I’ve been thinking about Tufts University's decision to outsource its early education program, and why I feel so strongly about it. It’s not that I’m directly affected—Jackson will be finishing up there this summer before the transition. And it’s not that I’d necessarily disagree with the decision if I knew all the facts.
Besides the impact on people I like and respect, the thing that bothers me is that the decision makers seem to have focused on the wrong issues. Whenever you focus on the wrong things, any decision you make—however justified in terms of those wrong things—will turn out wrong.
To put it another way, using the New York subway map in Boston won’t get you to your destination, no matter how faithfully you follow it. I believe the Tufts decision makers were using a “minimize financial and legal liability” map, rather than a “maximize the institution’s values and long-term service to its stakeholders” map. Although they made a supportable choice, in the broader context, it was just wrong.

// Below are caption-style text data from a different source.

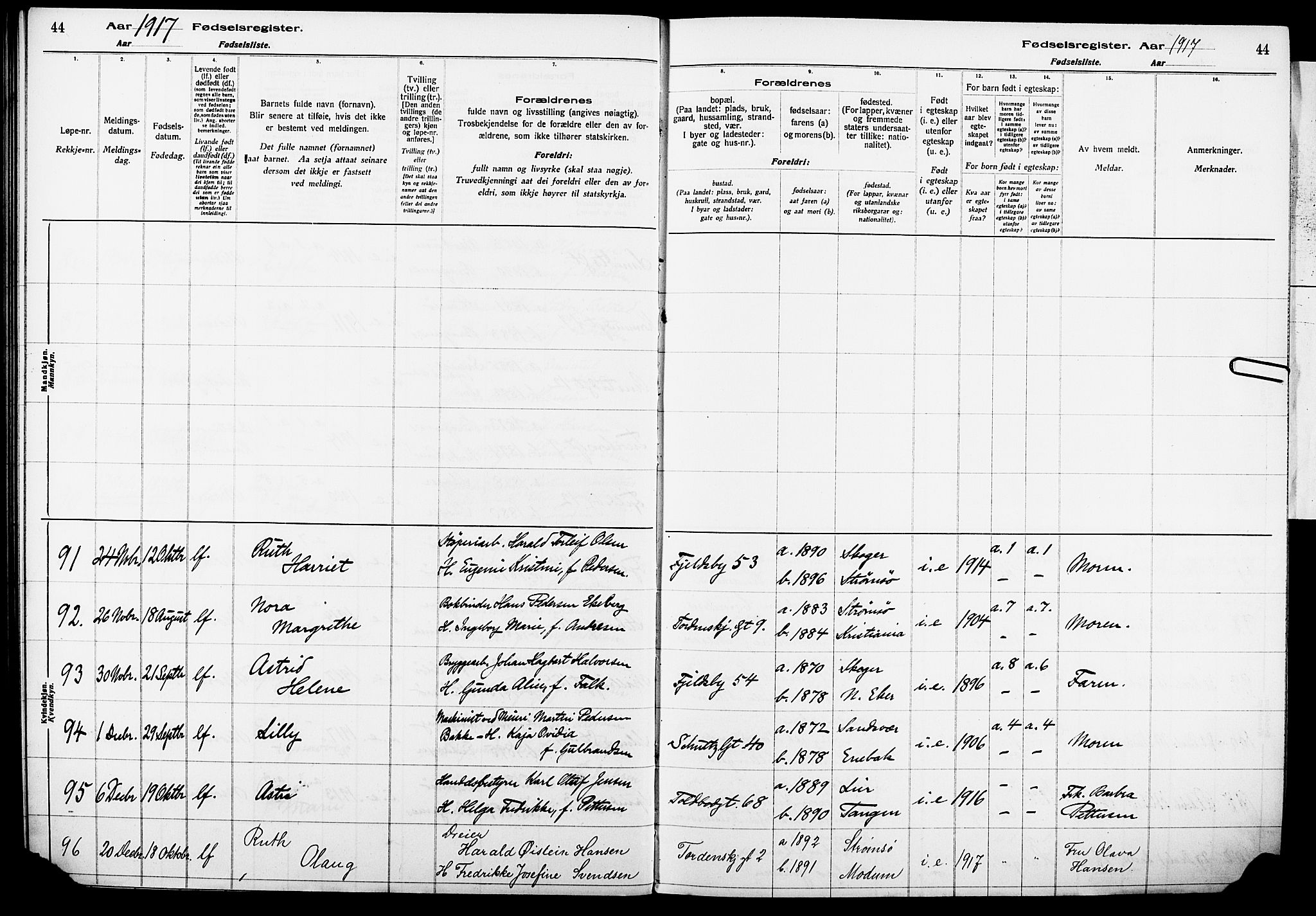 Strømsø kirkebøker, AV/SAKO-A-246/J/Ja/L0001: Fødselsregister nr. I 1, 1916-1925, s. 44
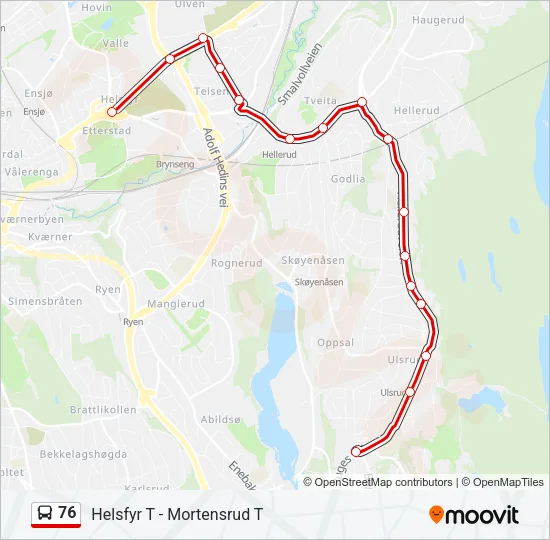 76 Bus Line Map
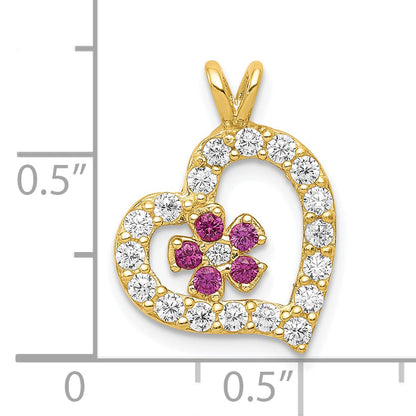 10K Yellow Gold Cz Heart & Flower Pendant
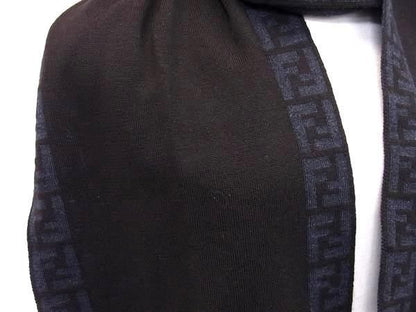 Fendi Scarf Zucca Dark Brown Navy 100% Wool Men Excellent Condition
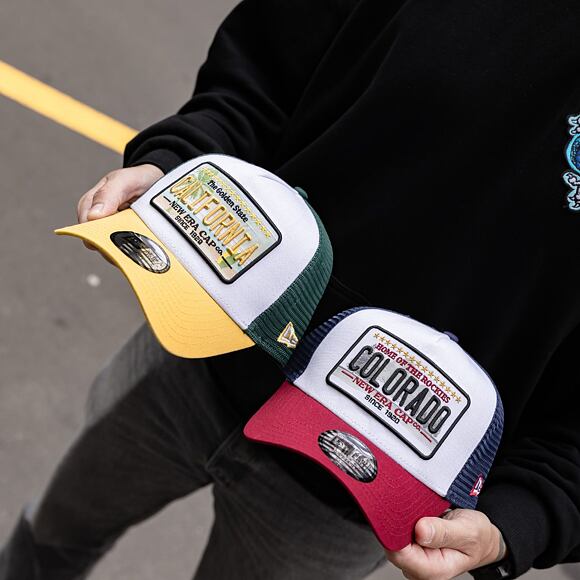 Kšiltovka New Era 9FORTY A-Frame Trucker Licence Plate California Yellow / Dark Green
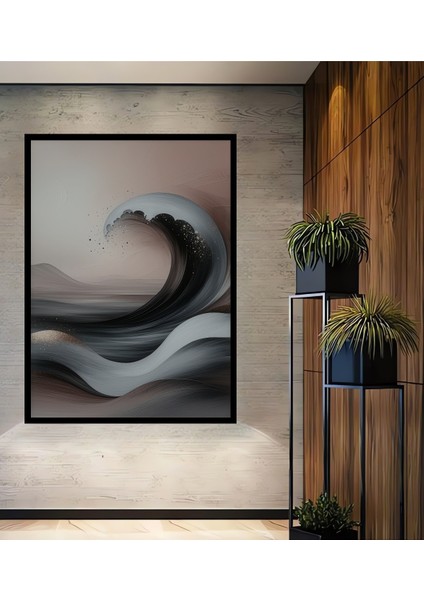 Çerçeve Görünümlü Estetik Dalgalar Yağlı Boya Görünümlü Dekoratif Ahşap Ev/işyeri/ofis Kare Tablo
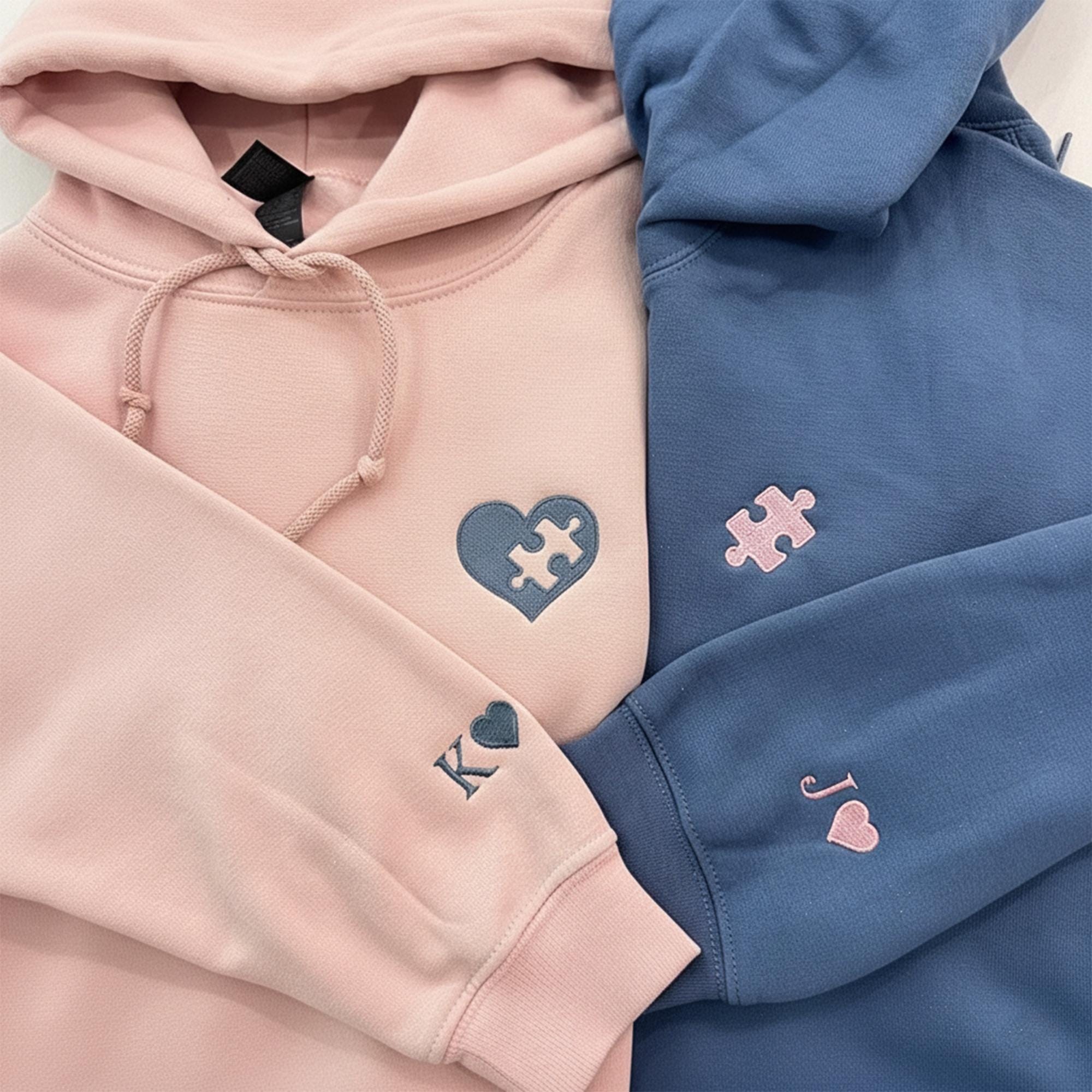Custom Embroidered Heart and Puzzle Piece Couples Hoodie with Initial On Sleeve Anniversary Gift Valentine's Day Gifts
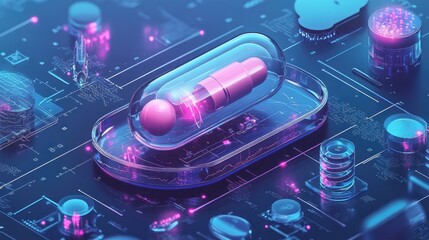 A modern digital illustration of nanoscale innovations in drug delivery, revolutionizing medical treatments with precision and advanced technology.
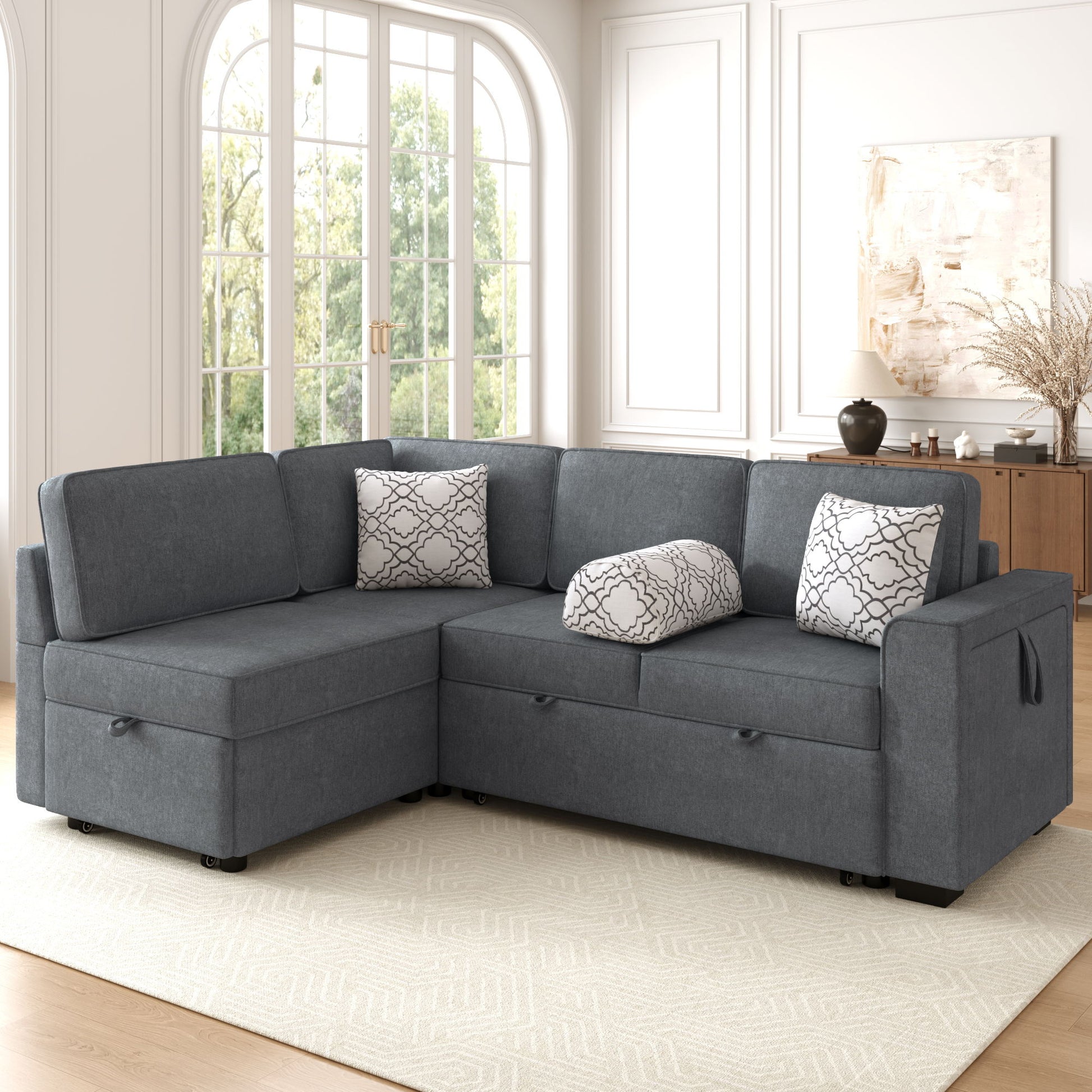 Convertible Sectional L-Shaped Sofa With Dual Pull-Out Sleepers, Flip-Top Table, USB Ports, Cup Holder & Storage - Best Buy Furniture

Smart, well-intentioned people do this all the time. In my own life, I often have to step back and see whether my decisions make sense in terms of my larger values. Should I be reading the paper, for example, instead of reading to Jackson? In the short term, maybe I want a break, but I need to keep focused on the bigger picture here. He won’t be young forever.
Getting back to investing . . .
The same applies to investments. Maps drawn by greed and fear tend to lead investors astray. Right now, for example, everyone is talking about how much the market is going up, and how it should continue to increase (or not). All of the commentary centers on the short term, which is not where most investors need to focus. The map presented in the media involves trying to buy when things are going up—or, in other words, time the market.
But what if we shift from the short term—stocks are going up!—to a longer, three- to five-year window? We know that, based on current valuations, returns over that time frame have pretty much always been disappointing, with the exception being the periods just before the dot-com bubble.
As I wrote the other day, the dot-com bubble is the exception that’s being recast as the rule. A larger map, one that shows the pitfalls just off the edge of the short-term map, suggests a very different outcome. It's a pretty powerful example of how you can make the wrong decision—load up on stocks!—because you’re looking at the wrong map.
Time to recalibrate your GPS?
Investing is my professional field and a primary area of interest, but the idea applies in all aspects of life. Some of the happiness research I’ve written about can also be framed in terms of planning your life around the right map rather than the wrong one.
Take a look at the maps you’re using to guide your life, and make sure they’ll really get you where you want to go.